--- Work task ---
The following data has a line with "Porodo Wrist Band" and a line with "Lou Camera Bag". Write out exactly those lines and all the lines between them.

[Collected data]
=-=-=-=-=
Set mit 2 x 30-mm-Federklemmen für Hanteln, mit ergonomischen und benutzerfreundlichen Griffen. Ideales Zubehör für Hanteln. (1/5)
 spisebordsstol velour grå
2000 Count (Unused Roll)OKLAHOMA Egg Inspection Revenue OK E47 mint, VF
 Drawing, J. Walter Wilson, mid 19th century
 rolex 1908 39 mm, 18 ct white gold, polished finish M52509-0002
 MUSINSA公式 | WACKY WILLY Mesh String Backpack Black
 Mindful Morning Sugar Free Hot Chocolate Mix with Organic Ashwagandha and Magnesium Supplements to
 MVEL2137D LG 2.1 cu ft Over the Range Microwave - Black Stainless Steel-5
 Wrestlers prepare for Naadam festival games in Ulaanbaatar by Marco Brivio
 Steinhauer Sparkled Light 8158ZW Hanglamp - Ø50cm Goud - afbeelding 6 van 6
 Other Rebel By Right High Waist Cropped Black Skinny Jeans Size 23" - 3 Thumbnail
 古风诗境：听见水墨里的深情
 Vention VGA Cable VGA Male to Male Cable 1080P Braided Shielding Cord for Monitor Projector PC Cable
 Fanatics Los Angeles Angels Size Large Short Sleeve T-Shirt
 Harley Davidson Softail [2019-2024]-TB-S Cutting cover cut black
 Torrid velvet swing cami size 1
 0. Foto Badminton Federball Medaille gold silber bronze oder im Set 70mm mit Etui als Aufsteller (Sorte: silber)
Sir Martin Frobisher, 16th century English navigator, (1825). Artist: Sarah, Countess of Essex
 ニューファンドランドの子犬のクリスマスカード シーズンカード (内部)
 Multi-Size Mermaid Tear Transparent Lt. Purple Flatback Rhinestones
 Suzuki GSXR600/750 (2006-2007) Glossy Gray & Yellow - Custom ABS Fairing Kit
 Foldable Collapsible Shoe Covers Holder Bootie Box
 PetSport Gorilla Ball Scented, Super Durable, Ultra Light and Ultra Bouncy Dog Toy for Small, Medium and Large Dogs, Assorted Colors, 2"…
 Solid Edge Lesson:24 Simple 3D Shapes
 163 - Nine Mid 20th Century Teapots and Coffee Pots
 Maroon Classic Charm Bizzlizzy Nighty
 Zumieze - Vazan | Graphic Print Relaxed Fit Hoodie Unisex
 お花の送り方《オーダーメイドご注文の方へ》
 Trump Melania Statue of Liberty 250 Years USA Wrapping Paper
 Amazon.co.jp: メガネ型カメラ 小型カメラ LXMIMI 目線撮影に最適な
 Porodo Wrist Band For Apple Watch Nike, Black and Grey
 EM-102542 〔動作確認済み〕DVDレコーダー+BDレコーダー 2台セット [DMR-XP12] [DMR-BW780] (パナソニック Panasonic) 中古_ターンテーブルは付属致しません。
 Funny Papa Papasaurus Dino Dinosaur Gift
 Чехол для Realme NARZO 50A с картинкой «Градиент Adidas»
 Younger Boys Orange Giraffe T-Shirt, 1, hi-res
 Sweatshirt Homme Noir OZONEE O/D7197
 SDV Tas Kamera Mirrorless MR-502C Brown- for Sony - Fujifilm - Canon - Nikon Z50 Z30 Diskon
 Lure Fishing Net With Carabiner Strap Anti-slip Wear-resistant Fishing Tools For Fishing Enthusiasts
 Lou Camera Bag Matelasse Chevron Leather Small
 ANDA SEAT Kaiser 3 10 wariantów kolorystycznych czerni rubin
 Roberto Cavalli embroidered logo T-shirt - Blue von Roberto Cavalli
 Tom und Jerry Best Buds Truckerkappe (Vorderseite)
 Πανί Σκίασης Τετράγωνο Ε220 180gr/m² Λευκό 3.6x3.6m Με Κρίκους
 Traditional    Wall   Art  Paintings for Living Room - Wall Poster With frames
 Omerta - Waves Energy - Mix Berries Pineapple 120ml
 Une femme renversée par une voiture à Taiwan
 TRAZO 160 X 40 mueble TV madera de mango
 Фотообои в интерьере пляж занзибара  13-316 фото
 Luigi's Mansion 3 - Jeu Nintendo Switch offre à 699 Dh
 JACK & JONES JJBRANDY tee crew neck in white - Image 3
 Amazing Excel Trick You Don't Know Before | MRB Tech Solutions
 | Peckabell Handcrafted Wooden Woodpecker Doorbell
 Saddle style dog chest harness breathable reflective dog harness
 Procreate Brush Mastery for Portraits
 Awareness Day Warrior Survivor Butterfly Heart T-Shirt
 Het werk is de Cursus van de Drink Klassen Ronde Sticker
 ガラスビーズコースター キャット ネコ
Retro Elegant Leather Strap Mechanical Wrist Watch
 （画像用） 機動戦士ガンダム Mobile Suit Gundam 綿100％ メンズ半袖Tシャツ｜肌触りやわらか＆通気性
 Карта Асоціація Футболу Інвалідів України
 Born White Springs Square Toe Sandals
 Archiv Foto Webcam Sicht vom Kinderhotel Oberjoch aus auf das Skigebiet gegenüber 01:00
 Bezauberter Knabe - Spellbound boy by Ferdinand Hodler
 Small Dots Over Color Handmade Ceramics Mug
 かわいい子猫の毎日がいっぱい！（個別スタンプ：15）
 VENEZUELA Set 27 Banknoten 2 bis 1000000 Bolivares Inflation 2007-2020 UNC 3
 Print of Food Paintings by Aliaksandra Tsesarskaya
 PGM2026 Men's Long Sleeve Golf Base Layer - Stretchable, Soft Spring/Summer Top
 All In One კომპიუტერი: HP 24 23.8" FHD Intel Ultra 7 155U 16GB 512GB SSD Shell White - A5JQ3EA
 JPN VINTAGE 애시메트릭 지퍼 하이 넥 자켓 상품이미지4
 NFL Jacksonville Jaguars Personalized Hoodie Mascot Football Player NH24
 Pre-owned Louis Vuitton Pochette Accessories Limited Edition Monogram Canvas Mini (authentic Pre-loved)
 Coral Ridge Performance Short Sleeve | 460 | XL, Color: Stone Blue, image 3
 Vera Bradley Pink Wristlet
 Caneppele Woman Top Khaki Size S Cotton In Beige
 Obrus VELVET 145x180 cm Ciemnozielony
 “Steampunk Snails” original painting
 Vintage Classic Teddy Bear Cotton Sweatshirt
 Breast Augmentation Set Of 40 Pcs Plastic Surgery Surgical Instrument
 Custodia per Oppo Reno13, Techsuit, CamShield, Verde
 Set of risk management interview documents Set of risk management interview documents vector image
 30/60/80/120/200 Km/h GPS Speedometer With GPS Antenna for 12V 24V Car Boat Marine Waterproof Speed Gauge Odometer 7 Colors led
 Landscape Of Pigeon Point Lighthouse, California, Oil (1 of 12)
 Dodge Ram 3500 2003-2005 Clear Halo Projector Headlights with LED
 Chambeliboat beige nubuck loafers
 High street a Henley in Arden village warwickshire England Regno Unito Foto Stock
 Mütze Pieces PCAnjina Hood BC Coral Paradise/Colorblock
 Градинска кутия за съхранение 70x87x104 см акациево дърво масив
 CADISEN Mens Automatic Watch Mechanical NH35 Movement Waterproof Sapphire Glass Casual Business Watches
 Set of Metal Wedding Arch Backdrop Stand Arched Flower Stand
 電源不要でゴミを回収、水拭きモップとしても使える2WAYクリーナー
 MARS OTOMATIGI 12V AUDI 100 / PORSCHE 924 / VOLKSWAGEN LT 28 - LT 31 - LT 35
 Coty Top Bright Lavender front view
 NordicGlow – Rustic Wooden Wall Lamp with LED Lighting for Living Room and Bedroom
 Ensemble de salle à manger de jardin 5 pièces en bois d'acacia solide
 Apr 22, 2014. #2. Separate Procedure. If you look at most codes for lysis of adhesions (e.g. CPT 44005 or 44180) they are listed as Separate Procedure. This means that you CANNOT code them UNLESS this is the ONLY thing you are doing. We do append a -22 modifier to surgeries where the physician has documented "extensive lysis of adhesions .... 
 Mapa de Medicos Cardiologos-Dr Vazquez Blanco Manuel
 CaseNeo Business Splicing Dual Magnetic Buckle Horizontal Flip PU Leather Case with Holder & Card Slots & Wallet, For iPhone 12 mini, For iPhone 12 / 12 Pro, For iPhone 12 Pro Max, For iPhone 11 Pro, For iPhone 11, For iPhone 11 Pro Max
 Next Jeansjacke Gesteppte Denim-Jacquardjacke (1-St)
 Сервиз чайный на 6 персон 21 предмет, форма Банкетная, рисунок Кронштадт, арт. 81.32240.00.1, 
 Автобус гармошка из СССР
=-=-=-=-=
--- Reply to the exercise ---
 Porodo Wrist Band For Apple Watch Nike, Black and Grey
 EM-102542 〔動作確認済み〕DVDレコーダー+BDレコーダー 2台セット [DMR-XP12] [DMR-BW780] (パナソニック Panasonic) 中古_ターンテーブルは付属致しません。
 Funny Papa Papasaurus Dino Dinosaur Gift
 Чехол для Realme NARZO 50A с картинкой «Градиент Adidas»
 Younger Boys Orange Giraffe T-Shirt, 1, hi-res
 Sweatshirt Homme Noir OZONEE O/D7197
 SDV Tas Kamera Mirrorless MR-502C Brown- for Sony - Fujifilm - Canon - Nikon Z50 Z30 Diskon
 Lure Fishing Net With Carabiner Strap Anti-slip Wear-resistant Fishing Tools For Fishing Enthusiasts
 Lou Camera Bag Matelasse Chevron Leather Small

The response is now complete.